◆ Data extract:
┄┄┄┄┄┄

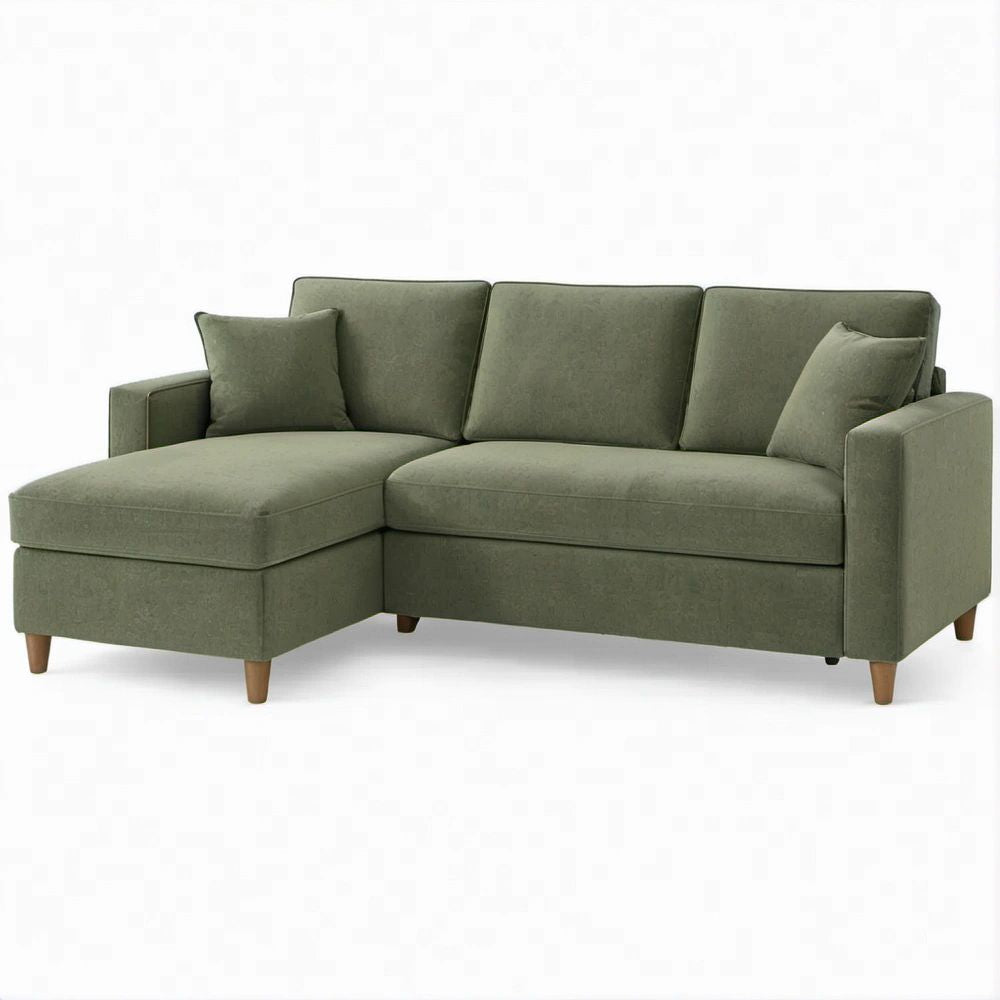 Sofá com Chaise Longue à Esquerda Verde-Azeitona em Poliéster, 220 x 145 x 85 cm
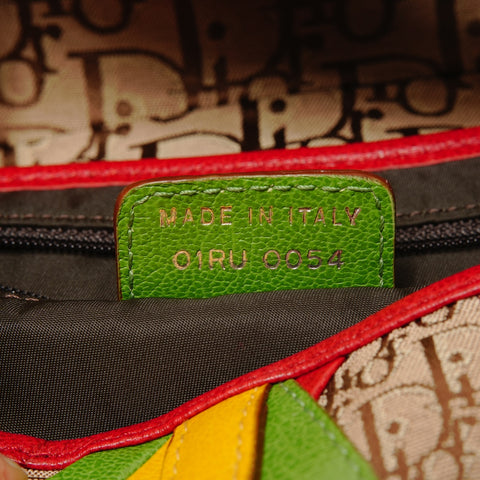 Christian Dior Rasta Trotter Canvas Saddle Shoulder Bag Brown WS25656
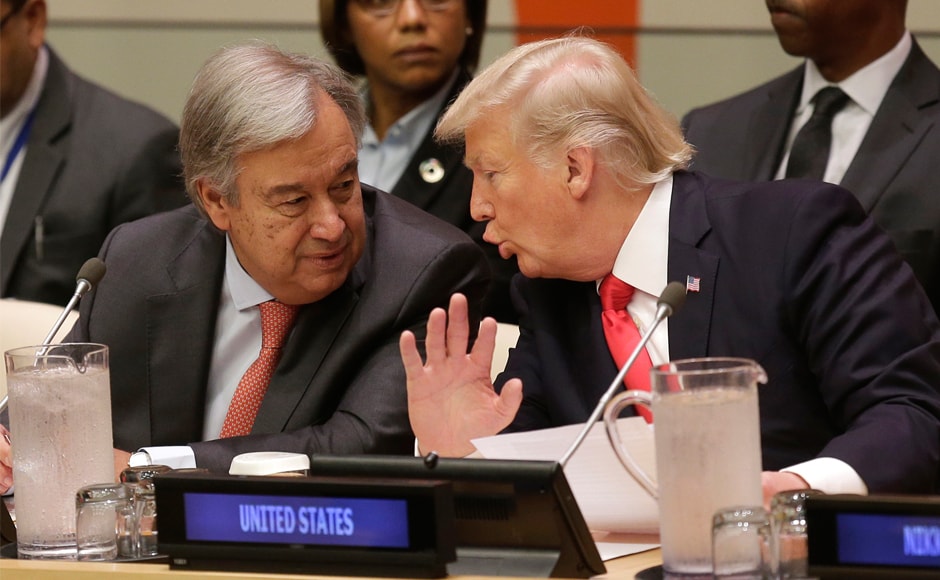 Donald Trump speaks to UN secretary-general Antonio Guterres. Guterres has called the North Korea crisis Donald Trump speaks to UN secretary-general Antonio Guterres. Guterres has called the North Korea crisis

┄┄┄┄┄┄

◆ Directions: All of the lines above should be retyped precisely, apart from the pictures.

◆ Result of the exercise:
 Sofá com Chaise Longue à Esquerda Verde-Azeitona em Poliéster, 220 x 145 x 85 cm
 Christian Dior Rasta Trotter Canvas Saddle Shoulder Bag Brown WS25656
 Donald Trump speaks to UN secretary-general Antonio Guterres. Guterres has called the North Korea crisis Donald Trump speaks to UN secretary-general Antonio Guterres. Guterres has called the North Korea crisis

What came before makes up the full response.